Who says you can’t go home again? Pepper Ryan was the former “wonderboy” of the New Albion Police Department. But three years ago, a disastrous bust gone awry compelled him to quit the force, grab his guitar, and head for Austin, Los Angeles, and Nashville. No sooner does he return home and rejoin the department than a dead Secret Service agent is found on the beach in a clambake pit with a red starfish on his chest. “Back in uniform two days and the kooky shit’s already started,” a veteran officer greets Pepper. And it shows no signs of letting up as the president plans to come to New Albion to hit up a dying but disenchanted billionaire backer for continued financial support. The unpopular president’s imminent arrival brings out the cranks and protesters and one very credible assassination threat. Pepper, who knows the area and the locals, is assigned to collaborate with the Secret Service.

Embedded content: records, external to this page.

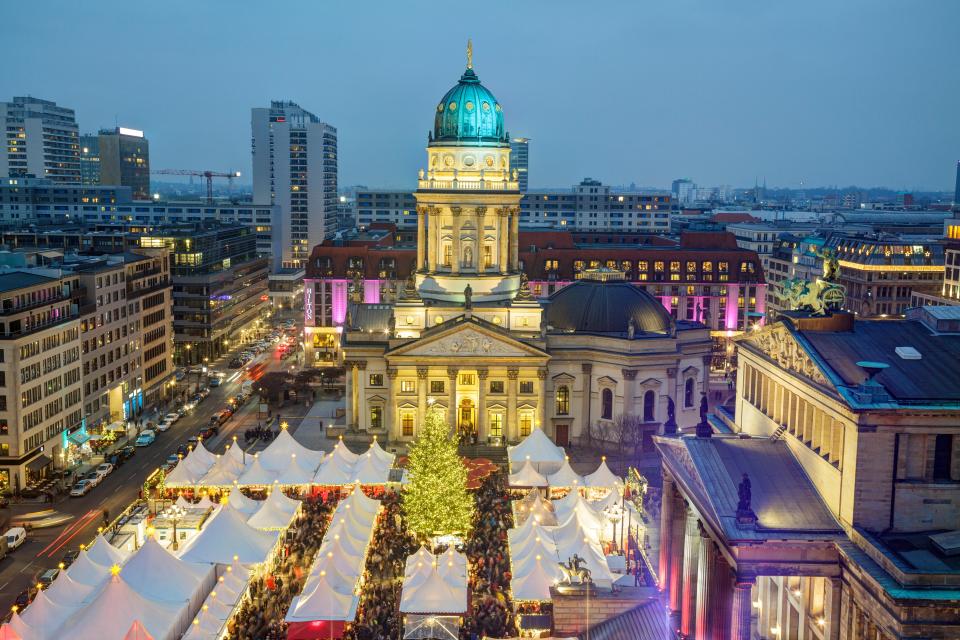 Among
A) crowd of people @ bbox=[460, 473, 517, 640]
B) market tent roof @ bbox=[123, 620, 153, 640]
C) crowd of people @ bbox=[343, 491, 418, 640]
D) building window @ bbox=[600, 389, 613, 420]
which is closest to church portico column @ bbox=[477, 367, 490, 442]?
building window @ bbox=[600, 389, 613, 420]

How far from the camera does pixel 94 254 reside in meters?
109

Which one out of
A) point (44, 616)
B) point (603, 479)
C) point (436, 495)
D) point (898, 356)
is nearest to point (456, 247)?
point (603, 479)

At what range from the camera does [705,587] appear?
41781 millimetres

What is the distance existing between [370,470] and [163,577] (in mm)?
25629

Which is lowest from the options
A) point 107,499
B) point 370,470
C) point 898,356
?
point 107,499

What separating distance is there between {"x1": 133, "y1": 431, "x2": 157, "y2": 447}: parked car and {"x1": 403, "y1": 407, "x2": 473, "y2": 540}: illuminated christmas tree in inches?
1575

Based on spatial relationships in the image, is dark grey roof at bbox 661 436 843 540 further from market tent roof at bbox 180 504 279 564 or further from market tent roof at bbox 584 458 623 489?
market tent roof at bbox 180 504 279 564

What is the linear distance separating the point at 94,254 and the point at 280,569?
6343cm

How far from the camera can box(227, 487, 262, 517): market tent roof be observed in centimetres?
6388

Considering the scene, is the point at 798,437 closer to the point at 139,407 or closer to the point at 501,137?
the point at 501,137

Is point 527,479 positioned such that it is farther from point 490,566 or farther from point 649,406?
point 649,406

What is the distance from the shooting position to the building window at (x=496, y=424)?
9481 cm

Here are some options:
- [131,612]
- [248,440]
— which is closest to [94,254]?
[248,440]

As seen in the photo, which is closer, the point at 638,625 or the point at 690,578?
the point at 638,625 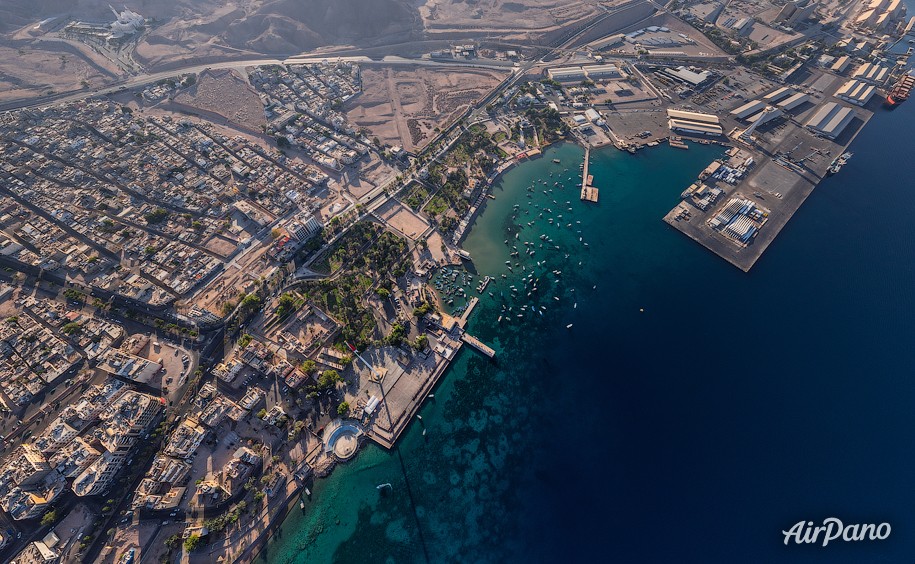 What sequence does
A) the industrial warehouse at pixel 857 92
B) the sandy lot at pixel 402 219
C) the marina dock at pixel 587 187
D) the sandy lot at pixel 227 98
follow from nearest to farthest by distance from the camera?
the sandy lot at pixel 402 219, the marina dock at pixel 587 187, the industrial warehouse at pixel 857 92, the sandy lot at pixel 227 98

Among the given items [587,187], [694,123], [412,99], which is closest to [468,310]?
[587,187]

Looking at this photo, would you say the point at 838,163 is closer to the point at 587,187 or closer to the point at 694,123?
the point at 694,123

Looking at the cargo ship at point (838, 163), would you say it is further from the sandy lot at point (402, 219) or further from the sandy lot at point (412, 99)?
the sandy lot at point (402, 219)

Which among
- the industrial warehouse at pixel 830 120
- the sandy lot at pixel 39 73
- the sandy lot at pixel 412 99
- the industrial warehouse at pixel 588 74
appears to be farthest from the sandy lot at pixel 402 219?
the sandy lot at pixel 39 73

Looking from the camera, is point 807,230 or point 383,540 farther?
point 807,230

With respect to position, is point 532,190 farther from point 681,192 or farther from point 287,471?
point 287,471

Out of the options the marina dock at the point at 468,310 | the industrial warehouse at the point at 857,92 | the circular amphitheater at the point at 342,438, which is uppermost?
the industrial warehouse at the point at 857,92

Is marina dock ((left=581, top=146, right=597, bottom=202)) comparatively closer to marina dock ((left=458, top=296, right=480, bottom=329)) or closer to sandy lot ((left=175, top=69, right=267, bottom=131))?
marina dock ((left=458, top=296, right=480, bottom=329))

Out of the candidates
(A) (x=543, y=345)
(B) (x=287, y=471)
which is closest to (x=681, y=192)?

He works in the shadows of his retired father, the former chief of police, and his brother, “the finest young homicide detective in Boston in the last twenty years” until he is gunned down trying to foil a robbery. As for Pepper, his fellow officers have started a pool to bet how long his current tenure with the force will last. There’s nothing like a good redemption story to launch a series of procedural thrillers. But while Pepper is looking for a chance to prove himself, he doesn’t quite fit the pulp profile; he’s young, he’s handsome, and he’s not divorced, an alcoholic, or in thrall to any vices. Except for the previous flameout, he seems to be a good cop. Fagan doesn’t push a hard-boiled tone. He has a good ear for dialogue and a vivid sense of place, which he has populated with memorable and credible characters, including Pepper’s high school flame—a jet-setter whose father is the ailing benefactor hosting the president—and the two hit men who are adding to the area body count as well as old friends and new enemies who have the hero in their sights.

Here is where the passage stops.